### [RECORD SET]

=====

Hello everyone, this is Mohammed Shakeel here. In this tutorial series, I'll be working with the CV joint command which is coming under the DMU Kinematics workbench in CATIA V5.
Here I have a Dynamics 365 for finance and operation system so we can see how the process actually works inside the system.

=====

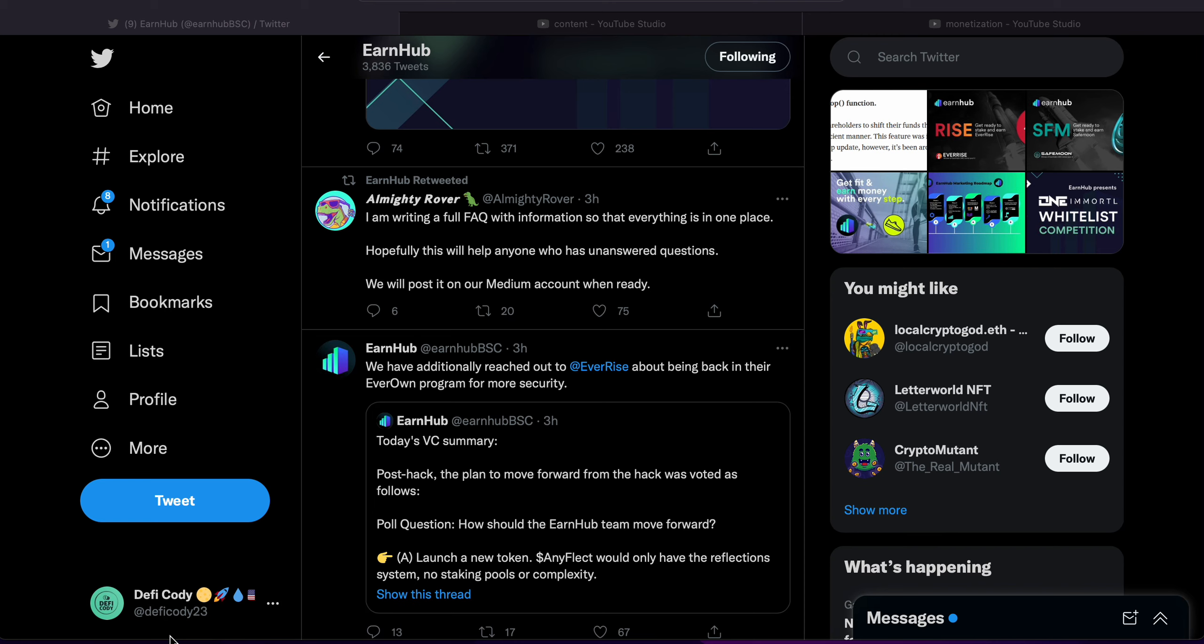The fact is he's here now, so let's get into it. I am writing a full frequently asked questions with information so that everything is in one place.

=====

### [WHAT THE TASK REQUIRES]
From the entries above, write out only the lines starting at the line that holds "Hello everyone, this" and ending at the line that holds "Here I have", keeping both and matching them exactly.

### [SOLUTION]
Hello everyone, this is Mohammed Shakeel here. In this tutorial series, I'll be working with the CV joint command which is coming under the DMU Kinematics workbench in CATIA V5.
Here I have a Dynamics 365 for finance and operation system so we can see how the process actually works inside the system.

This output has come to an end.